Me he dado cuenta que debo dejar de perseguir a otros y tomar mi propio camino. Que a veces la mejor forma de conseguir llegar a tu destino no es correr sino caminar despacio. Que casi siempre el jurado más crítico soy yo mismo, y que también soy yo quien tengo el poder de controlar mi tamaño para sentirme más grande o más pequeño para superar los obstáculos que se me presenten.
Despertar
Y ahora que me he dado cuenta de todo esto, mi objetivo es no volver a ese “País de las maravillas”. Quiero caminar despacio, disfrutar del camino, elegir a dónde dirigirme.

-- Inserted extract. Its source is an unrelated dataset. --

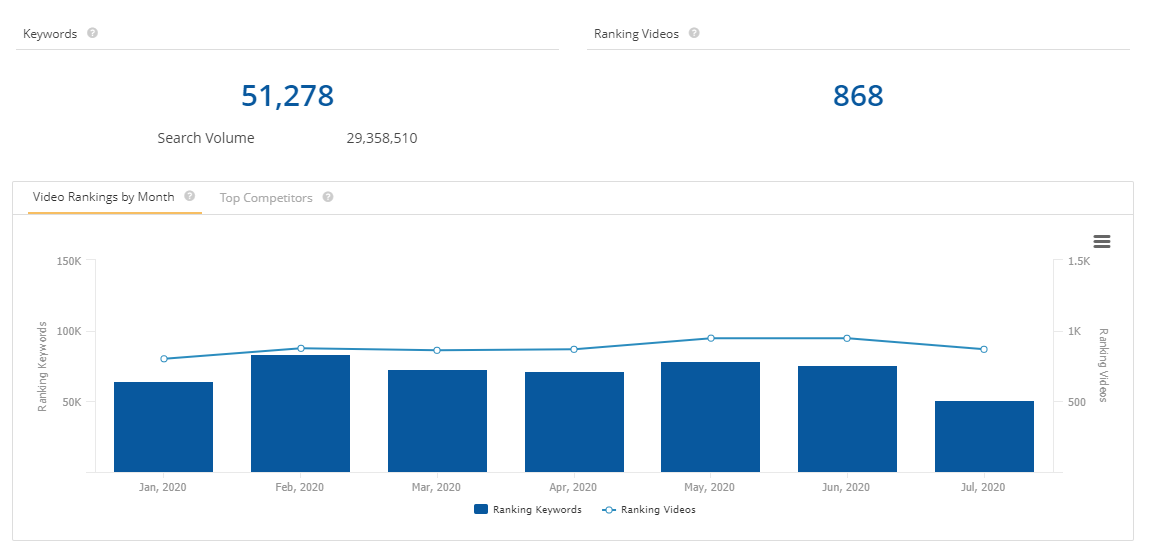 Tracking YouTube Videos' Rankings in Google’s Video Carousel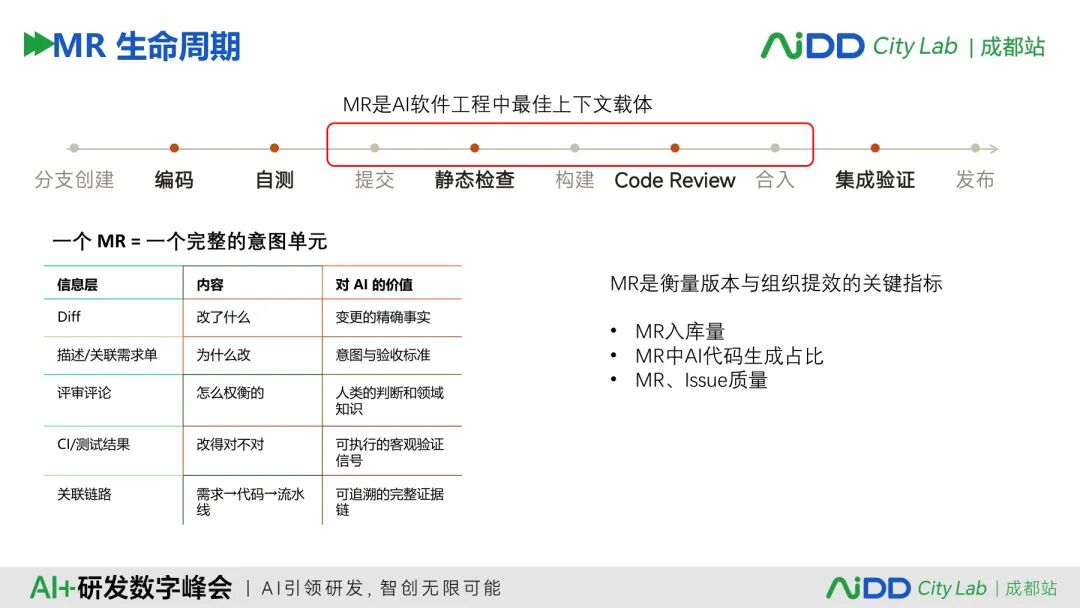 国庆七日谈 | 企业有了100个Agent，为什么还不等于有一支AI团队？(图11)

Y sé que no será fácil, que volverán la ansiedad y las prisas, las ganas de seguir otros caminos que no van hacia donde yo quiero, el sentirme demasiado grande o demasiado pequeño sin poder controlarlo, el olvidar quién soy y tener que parar otra vez…
Solo espero que la experiencia me sirva para no cometer los mismos errores. Que cuando el conejo blanco vuelva a decirme que llego tarde, poder contestarle que nunca llegué tarde, sino exactamente cuando me lo propuse. Aunque esa es ya otra historia para otro día.